Roberto Bolano: Amulet
Narrated by one of the many narrators of The Savage Detectives, this follows the "Mother of Mexican Poetry" through about 25 years of Mexican literary life... flashing between the ever changing present & the time she spends hiding from the military in a college bathroom stall. It's a much simpler read than The Savage Detectives (& much shorter), but well worth it.
Roberto Bolano: The Romantic Dogs
One of 2 collections of poetry I read this summer. Again, I can't praise Bolano enough. He started as a poet in Mexico, but refused to publish (claiming that publishing for for bougie suckers), but once he had some kids in Spain, he realized some cash wouldn't be a bad thing so we get a bunch of his stuff all @ once. The translations are only just now coming out... & they're coming fast & furiously. Read him!
Paul Beatty: Joker, Joker, Deuce
This is the other book of poetry I read this summer. Like w/ all of Beatty's novels, it's hilarious, heartbreaking, & loaded w/ pop-culture minutiae. He actually has 2 books of poetry, but they're both out of print already. His other one was going for $150 though, so I haven't had a chance to get that yet. If you're into the post-modern poets, give both of these guys a go.
Paul Beatty: Tuff
Paul Beatty provides a great example of the difference between st & 3rd person narratives. In his other 2 novels, we get 1st person narrators telling great, sarcastic stories. This one, though, is a 3rd person story about a young thug in Harlem who ends up running for city council. It's good, but had he stuck w/ the 1st person of his 1st book (he went back to it w/ his 3rd book), this would have been better. Interestingly, writing classes & writers' workshops often suggest 3rd person as an easier, more useful way to write. Here we see that, @ least as far as Beatty is concerned, that isn't always the case.
Colson Whitehead: Sag Harbor
Brand new in paperback, I'm teaching it this fall, so I gave it a go. He's not quite as pop-culture oriented as Beatty, not quite as flowingly poetic as Whitman, not quite as nostalgic as Jean Shepherd, & not quite as political as Ishmael Reed. If it wasn't for the running political commentary on race relations on Long Island during the 1980s, I'd say it would make perfect beach reading. As it stands, it'll be a good book on which to end the semester. It's nothing too weird or revolutionary, but it's fun... plus, members of UTFO make a cameo appearance!

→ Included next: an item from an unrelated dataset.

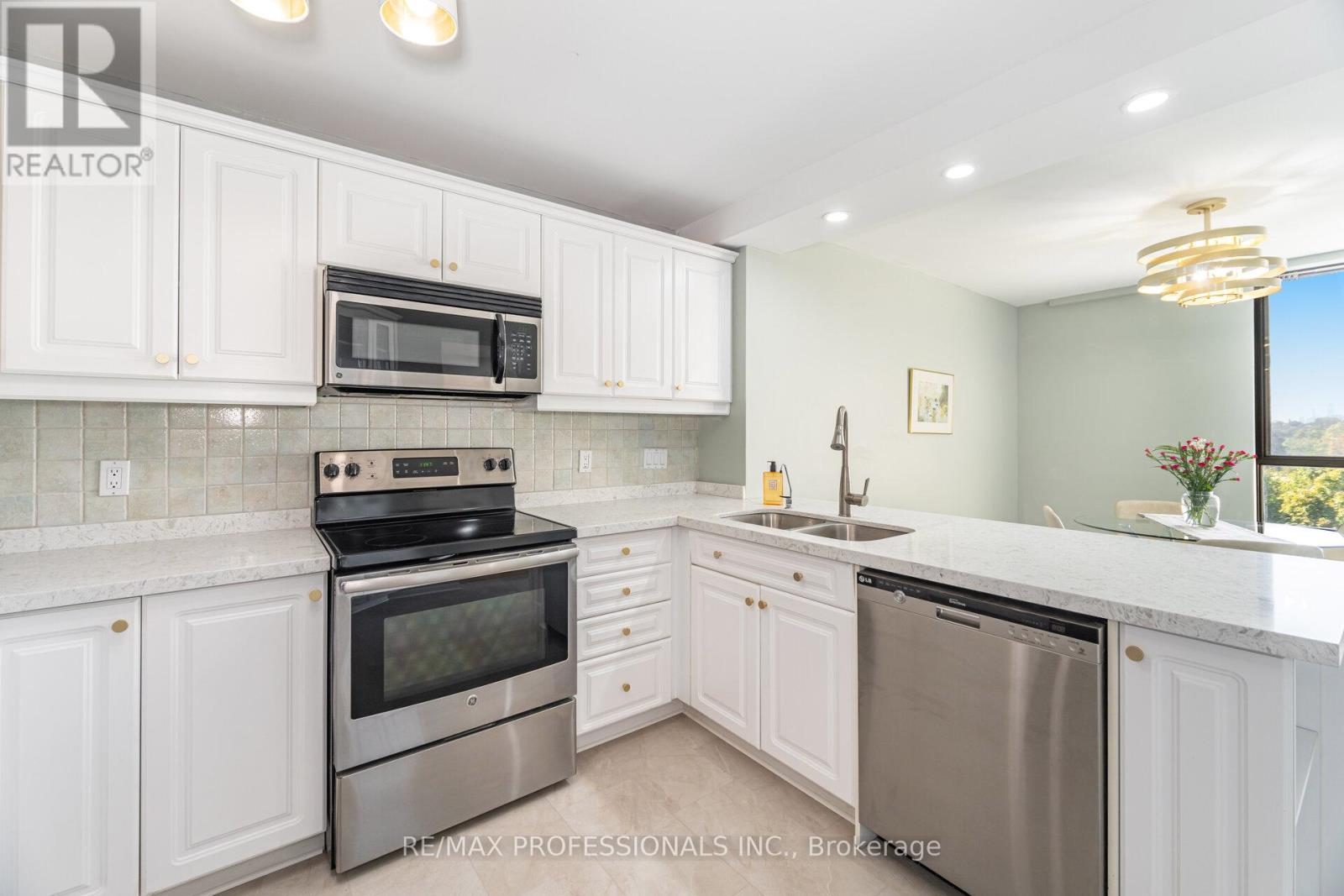 B4 - 284 Mill Road, Toronto (Markland Wood), Ontario  M9C 4W6 - Photo 16 - W12447232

Michael Cox: The Meaning of Night
This seems to have so much potential, but doesn't quite cut it. I struggled w/ this for months, thinking it would get better, but it never really did. I bet it'd make a fun movie though. It's narrated in flashbacks by a murderer explaining why he killed a man, but the flashbacks don't quite hold together, & the pacing is a bit slow. I'll give you the link, but I don't really recommend it.

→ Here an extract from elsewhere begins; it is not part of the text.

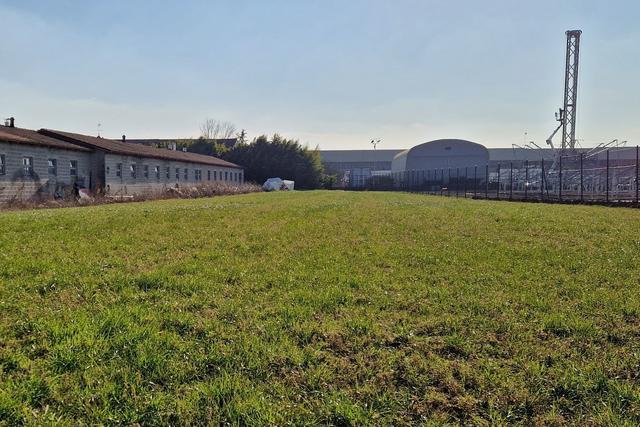#19958 Capannone artigianale con terreno e attrezzature in vendita - foto 9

Ishmael Reed: Barack Obama & the Jim Crow Media: The Return of the Nigger Breakers
If the title doesn't do it for you, nothing will. It's a collection of essays concerning the media treatment of Obama, comparing it to the treatment of slaves by overseers. At times, it's a bit over-the-top, but in general, it's pretty amazing.
Jean Baudrillard: Simulacra & Simulation
I'd been sitting on this for a long time, but was a little intimidated so I finally got to it recently. I was right to be intimidated, because it's a pretty tough go, but it's worth it. It's fun stuff. A great Borgesian look @ art, literature, & pop-culture.
Flann O'Brien: At Swim-Two-Birds
We started w/ an Irishman, so we'll end w/ 1 too. Close friends w/ James Joyce, O'Brien lets his post-modern flag fly in this weird-ass book. I love it. A college student in Dublin is writing a book about a guy writing a book in which his characters revolt & put him on trial because he's a shit-ass writer. It moves between the 3 different narratives running @ the same time, while lampooning Irish history & mythology. Word up!